TASK INSTRUCTIONS:
Report all lines in the records that hold the string "Type".

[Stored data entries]
· · ·
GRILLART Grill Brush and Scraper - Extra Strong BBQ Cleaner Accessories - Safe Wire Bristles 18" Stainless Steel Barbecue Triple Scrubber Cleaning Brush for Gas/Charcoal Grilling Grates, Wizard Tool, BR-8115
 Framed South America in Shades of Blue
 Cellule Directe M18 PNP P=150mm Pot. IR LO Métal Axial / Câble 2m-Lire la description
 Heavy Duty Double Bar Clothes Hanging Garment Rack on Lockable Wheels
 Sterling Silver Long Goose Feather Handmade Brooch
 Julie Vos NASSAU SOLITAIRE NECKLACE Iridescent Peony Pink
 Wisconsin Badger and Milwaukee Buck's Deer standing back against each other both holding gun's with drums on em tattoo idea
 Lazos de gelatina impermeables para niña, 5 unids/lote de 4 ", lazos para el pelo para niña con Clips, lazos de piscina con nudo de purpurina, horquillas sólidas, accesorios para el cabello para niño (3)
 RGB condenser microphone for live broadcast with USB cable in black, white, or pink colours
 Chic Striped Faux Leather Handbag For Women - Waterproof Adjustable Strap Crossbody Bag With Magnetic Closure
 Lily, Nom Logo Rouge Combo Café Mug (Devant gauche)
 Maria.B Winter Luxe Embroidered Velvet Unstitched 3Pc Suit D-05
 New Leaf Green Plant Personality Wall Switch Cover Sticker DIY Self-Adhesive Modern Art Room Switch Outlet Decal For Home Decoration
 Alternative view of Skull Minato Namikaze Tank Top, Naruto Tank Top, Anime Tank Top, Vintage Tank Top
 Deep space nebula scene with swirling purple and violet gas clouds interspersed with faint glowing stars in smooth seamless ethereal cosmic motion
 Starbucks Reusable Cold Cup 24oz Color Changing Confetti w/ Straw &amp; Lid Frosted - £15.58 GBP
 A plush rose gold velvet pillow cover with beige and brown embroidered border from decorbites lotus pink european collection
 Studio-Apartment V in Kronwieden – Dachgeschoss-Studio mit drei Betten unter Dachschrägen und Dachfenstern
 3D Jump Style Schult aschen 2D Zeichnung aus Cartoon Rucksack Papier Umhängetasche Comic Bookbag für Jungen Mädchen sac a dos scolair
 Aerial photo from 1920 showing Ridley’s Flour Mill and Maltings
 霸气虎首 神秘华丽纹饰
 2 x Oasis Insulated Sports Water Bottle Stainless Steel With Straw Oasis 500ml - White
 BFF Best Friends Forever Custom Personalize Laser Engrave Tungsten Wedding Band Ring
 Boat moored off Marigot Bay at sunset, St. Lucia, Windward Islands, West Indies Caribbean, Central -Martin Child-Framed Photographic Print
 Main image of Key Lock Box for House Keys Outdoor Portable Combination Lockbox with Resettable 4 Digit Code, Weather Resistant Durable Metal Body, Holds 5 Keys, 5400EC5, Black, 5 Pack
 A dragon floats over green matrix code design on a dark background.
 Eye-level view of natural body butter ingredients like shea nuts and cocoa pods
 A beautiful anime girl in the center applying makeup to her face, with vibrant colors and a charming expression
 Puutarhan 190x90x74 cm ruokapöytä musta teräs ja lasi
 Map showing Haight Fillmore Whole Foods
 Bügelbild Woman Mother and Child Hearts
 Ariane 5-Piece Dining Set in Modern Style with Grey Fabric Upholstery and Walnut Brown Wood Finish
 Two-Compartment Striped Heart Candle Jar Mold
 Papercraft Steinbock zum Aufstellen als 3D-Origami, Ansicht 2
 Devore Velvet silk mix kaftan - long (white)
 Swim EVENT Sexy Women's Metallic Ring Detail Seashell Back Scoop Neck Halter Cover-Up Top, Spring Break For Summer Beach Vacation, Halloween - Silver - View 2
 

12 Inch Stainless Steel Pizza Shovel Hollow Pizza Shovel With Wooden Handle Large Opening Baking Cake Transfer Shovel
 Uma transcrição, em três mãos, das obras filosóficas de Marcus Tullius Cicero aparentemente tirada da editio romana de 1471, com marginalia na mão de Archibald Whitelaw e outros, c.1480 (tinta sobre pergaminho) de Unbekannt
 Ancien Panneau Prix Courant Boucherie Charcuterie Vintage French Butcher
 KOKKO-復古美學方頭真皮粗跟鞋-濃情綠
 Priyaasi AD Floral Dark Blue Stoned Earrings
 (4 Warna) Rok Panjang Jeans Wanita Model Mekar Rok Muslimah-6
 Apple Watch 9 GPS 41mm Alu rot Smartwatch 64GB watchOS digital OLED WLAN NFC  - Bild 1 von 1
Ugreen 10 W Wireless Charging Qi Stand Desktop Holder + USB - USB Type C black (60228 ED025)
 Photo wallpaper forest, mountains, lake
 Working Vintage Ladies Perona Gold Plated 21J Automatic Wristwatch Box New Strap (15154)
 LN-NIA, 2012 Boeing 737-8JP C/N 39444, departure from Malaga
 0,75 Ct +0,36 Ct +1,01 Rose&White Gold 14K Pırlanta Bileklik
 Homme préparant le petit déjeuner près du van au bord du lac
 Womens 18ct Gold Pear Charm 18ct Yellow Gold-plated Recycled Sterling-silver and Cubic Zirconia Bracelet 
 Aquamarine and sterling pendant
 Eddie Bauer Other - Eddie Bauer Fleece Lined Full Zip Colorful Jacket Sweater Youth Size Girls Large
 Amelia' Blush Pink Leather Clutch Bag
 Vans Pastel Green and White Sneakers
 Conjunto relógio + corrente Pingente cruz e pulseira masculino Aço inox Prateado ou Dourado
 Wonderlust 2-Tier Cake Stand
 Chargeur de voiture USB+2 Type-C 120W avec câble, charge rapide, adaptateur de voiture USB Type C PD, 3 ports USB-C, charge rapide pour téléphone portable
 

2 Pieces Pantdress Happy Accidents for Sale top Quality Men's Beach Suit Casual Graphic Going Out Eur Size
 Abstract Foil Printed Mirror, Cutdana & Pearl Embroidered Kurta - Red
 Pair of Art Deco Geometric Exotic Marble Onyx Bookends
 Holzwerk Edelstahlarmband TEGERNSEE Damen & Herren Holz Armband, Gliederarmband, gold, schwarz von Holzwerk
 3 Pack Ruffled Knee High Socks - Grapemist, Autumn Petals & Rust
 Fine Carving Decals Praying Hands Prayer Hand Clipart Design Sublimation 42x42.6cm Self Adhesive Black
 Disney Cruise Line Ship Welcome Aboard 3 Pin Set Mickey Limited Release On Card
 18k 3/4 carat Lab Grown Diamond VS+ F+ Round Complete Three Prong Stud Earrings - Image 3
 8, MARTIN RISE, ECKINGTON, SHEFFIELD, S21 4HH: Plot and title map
· · ·
ANSWER TO THIS TASK:
Ugreen 10 W Wireless Charging Qi Stand Desktop Holder + USB - USB Type C black (60228 ED025)
 Chargeur de voiture USB+2 Type-C 120W avec câble, charge rapide, adaptateur de voiture USB Type C PD, 3 ports USB-C, charge rapide pour téléphone portable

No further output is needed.